The problem ->
Output nothing but the lines from the first line of the listing below through the line containing "Guess Gold Outline", printed exactly and free of pictures.

Data to use ->
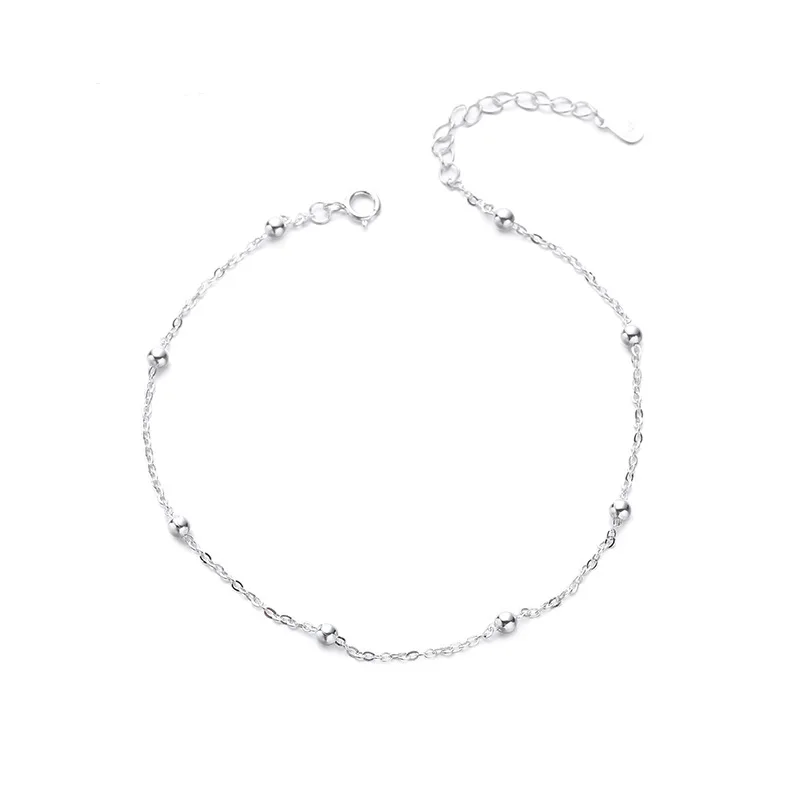 

Summer Fashion 925 Sterling Silver Chain Anklets For Women Beach Party Beads Ankle Jewelry Girl Best Gifts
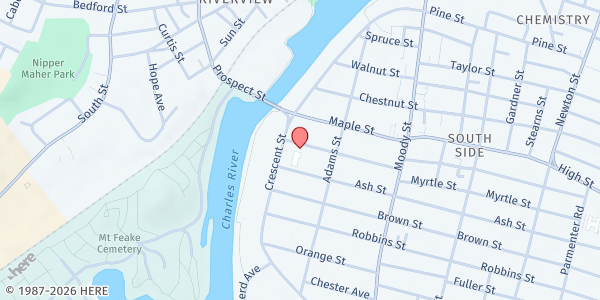 Map showing Healthy Waltham Mobile Pantry - South Side at 5 Cherry Street, South Side, MA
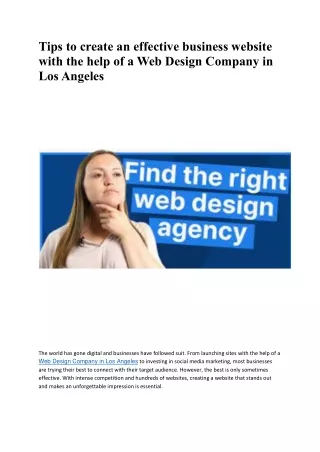 tips to create an effective business website with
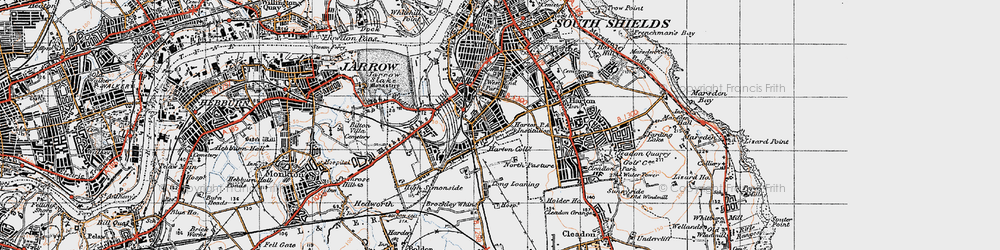Old map of West Harton in 1947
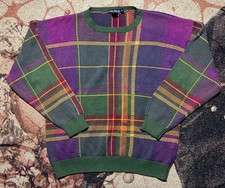 VINTAGE Nautica Pattern Knit Sweater Large 100 Cotton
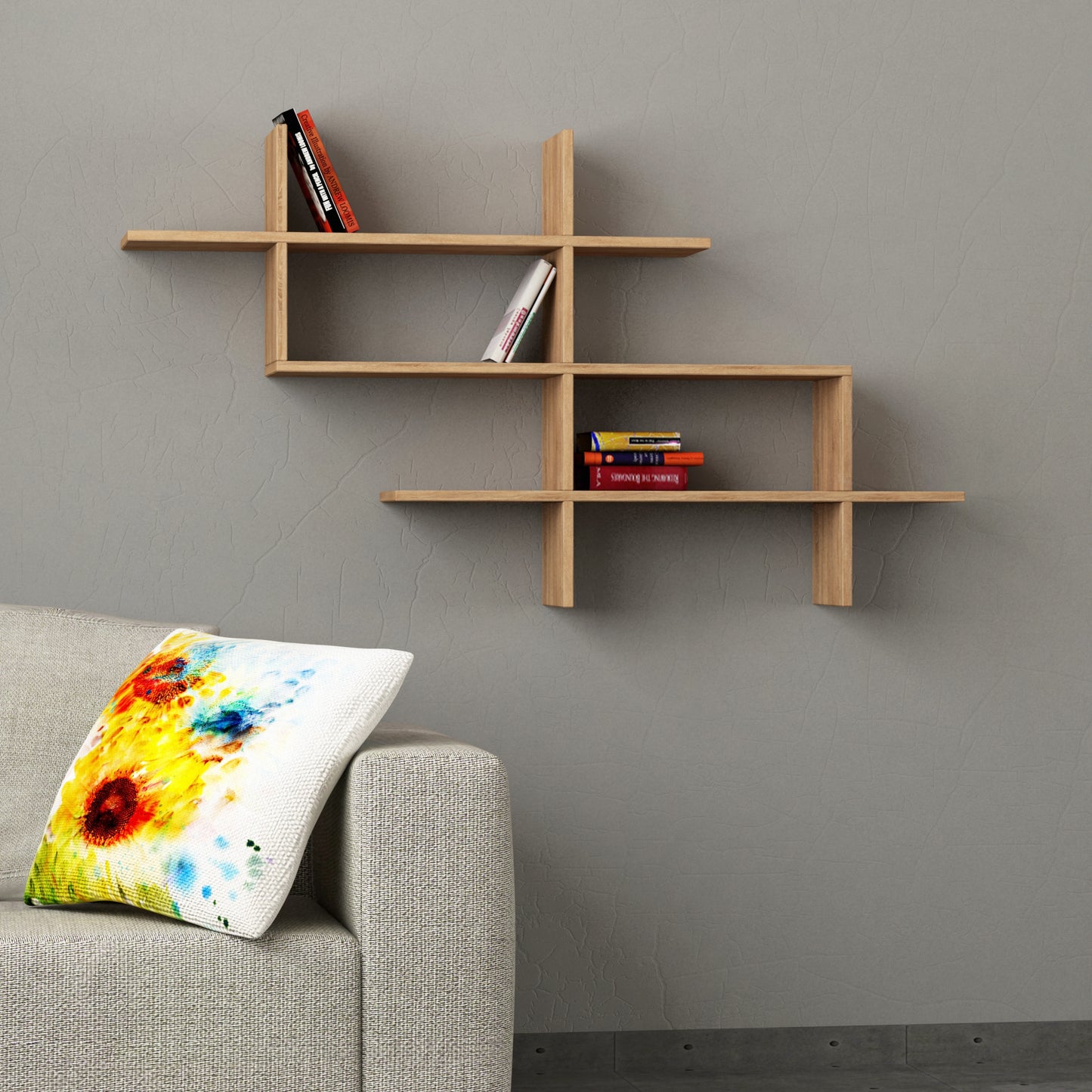 Halic Wall Mounted Modern Bookcase Display Unit W 150cm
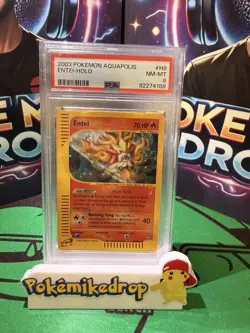 2003 Pokemon Aquapolis Entei Holo #H8 PSA 8 NM-MT - Image 1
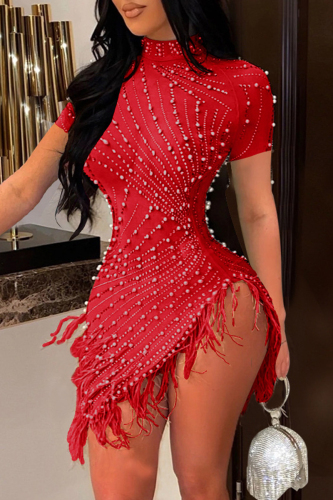 Red Sexy Patchwork Hot Drilling Tassel Beading Turtleneck Short Sleeve Dress Dresses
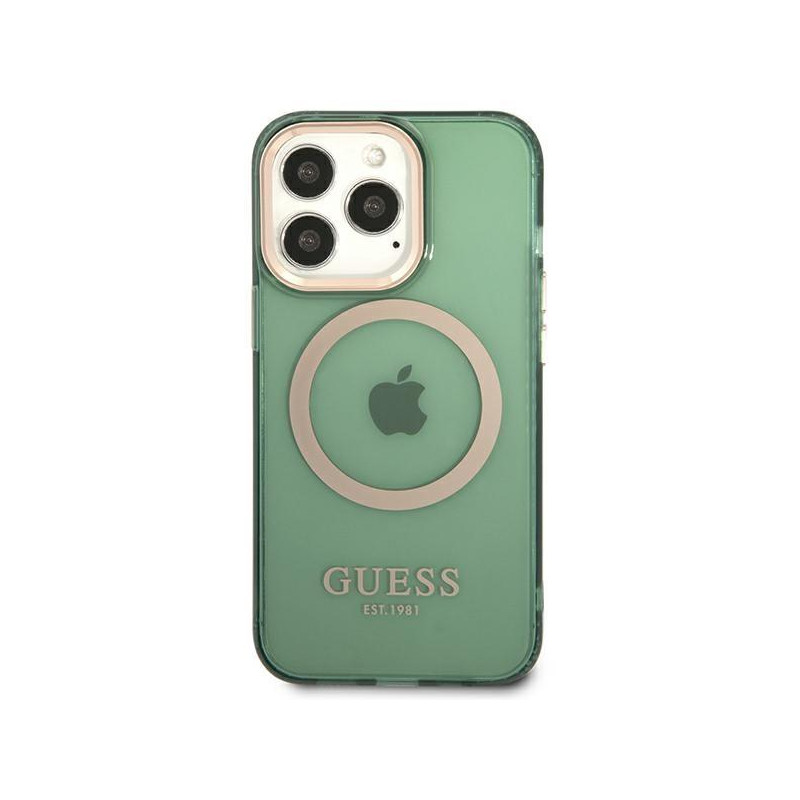 Guess Gold Outline permatomas MagSafe dėklas, skirtas iPhone 13 Pro / iPhone 13 - žalias
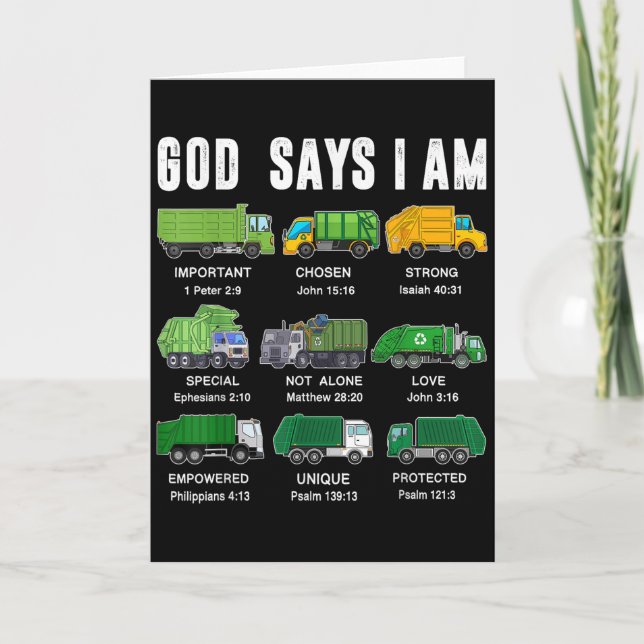 Toddler Boy God Says I Am Garbage Truck Jesus Brot Card (Front)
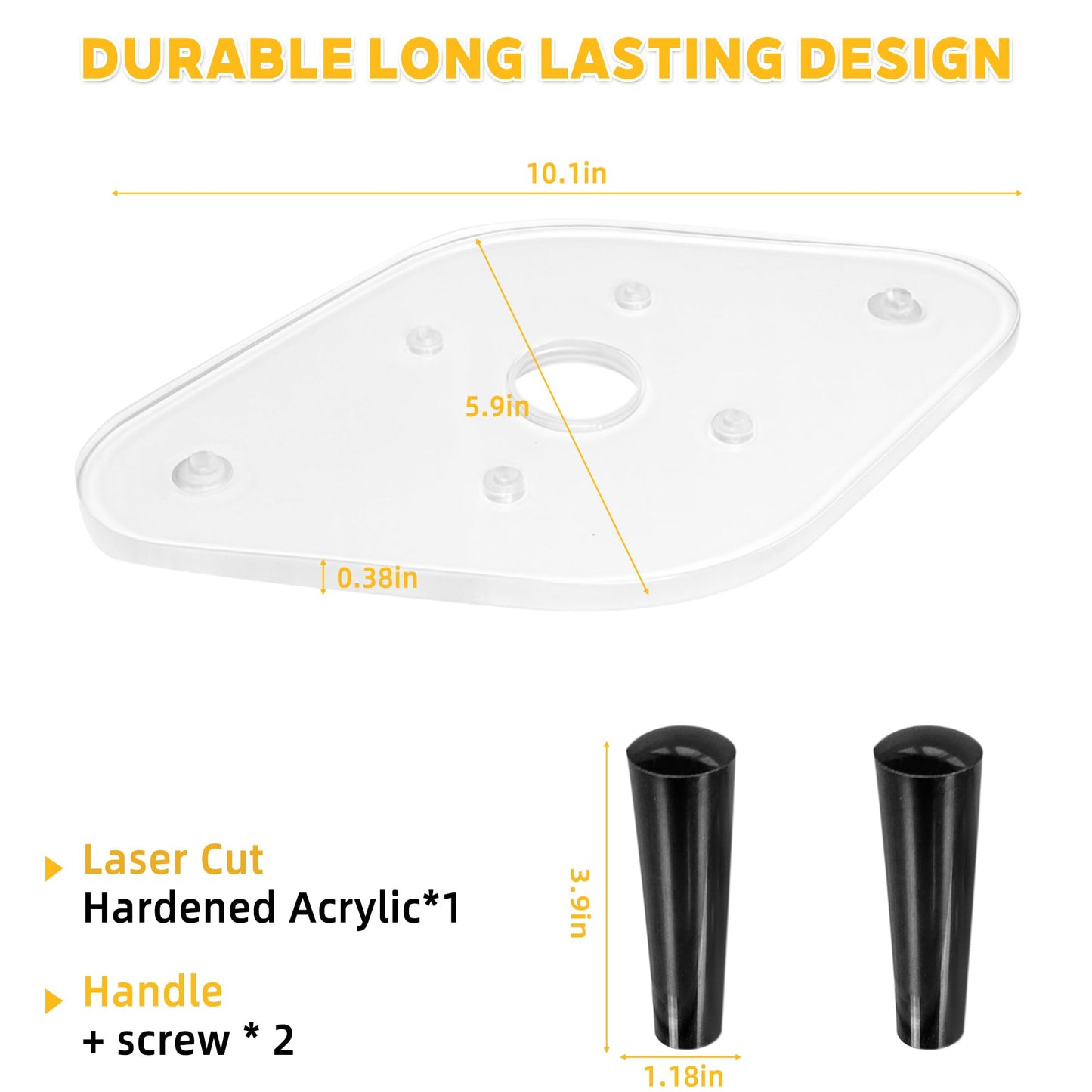 Clear Acrylic Router Base Plate with Dual Handles - Fits DeWalt DWP611 & DCW600B Compact Routers, Works with Standard Guide Bushings, 6" x 10", 3/8"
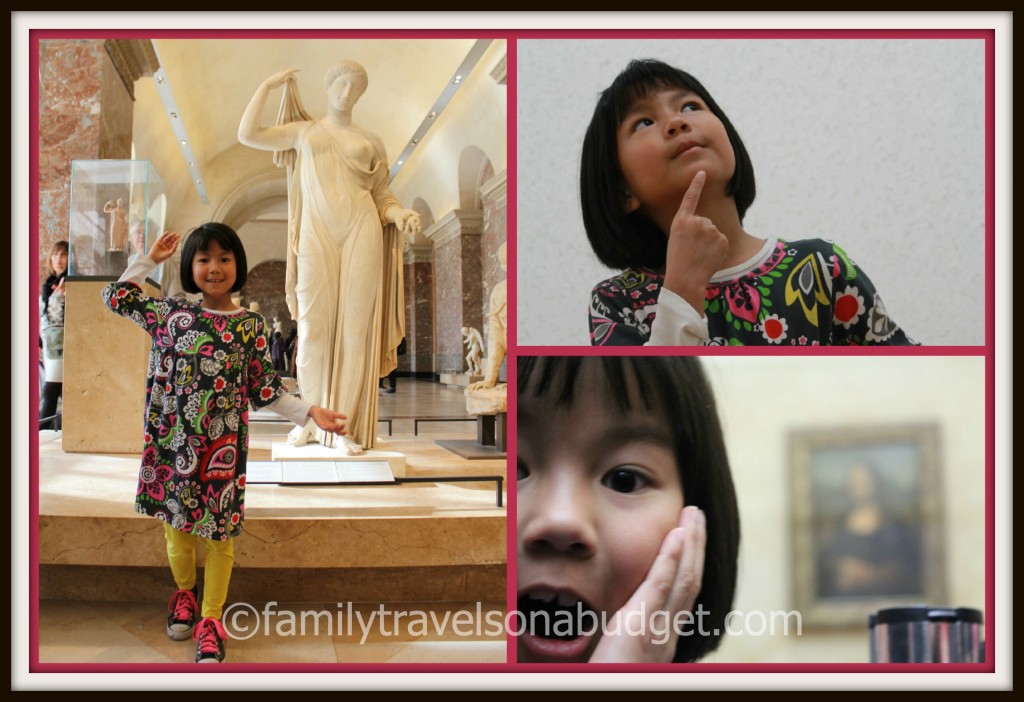 Bottom right photo is Ellie's reaction to seeing the Mona Lisa for the first time!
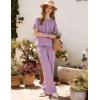 image:imageFlygo Gingham Pajamas for Women Puff Short Sleeve Babydoll Set Cute 2 Piece Henley Top Wide Leg Pants Lounge Pjs SetsPurple
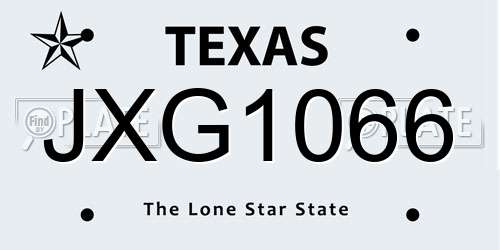 JXG1066 Texas License Plate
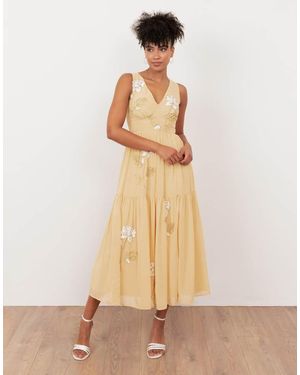 Maya Floral Embellished V Neck Midaxi Dress - Natural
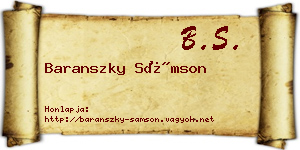 Baranszky Sámson névjegykártya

Expected answer ->
Summer Fashion 925 Sterling Silver Chain Anklets For Women Beach Party Beads Ankle Jewelry Girl Best Gifts
 Map showing Healthy Waltham Mobile Pantry - South Side at 5 Cherry Street, South Side, MA
 tips to create an effective business website with
Old map of West Harton in 1947
 VINTAGE Nautica Pattern Knit Sweater Large 100 Cotton
 Halic Wall Mounted Modern Bookcase Display Unit W 150cm
 2003 Pokemon Aquapolis Entei Holo #H8 PSA 8 NM-MT - Image 1
 Red Sexy Patchwork Hot Drilling Tassel Beading Turtleneck Short Sleeve Dress Dresses
 Guess Gold Outline permatomas MagSafe dėklas, skirtas iPhone 13 Pro / iPhone 13 - žalias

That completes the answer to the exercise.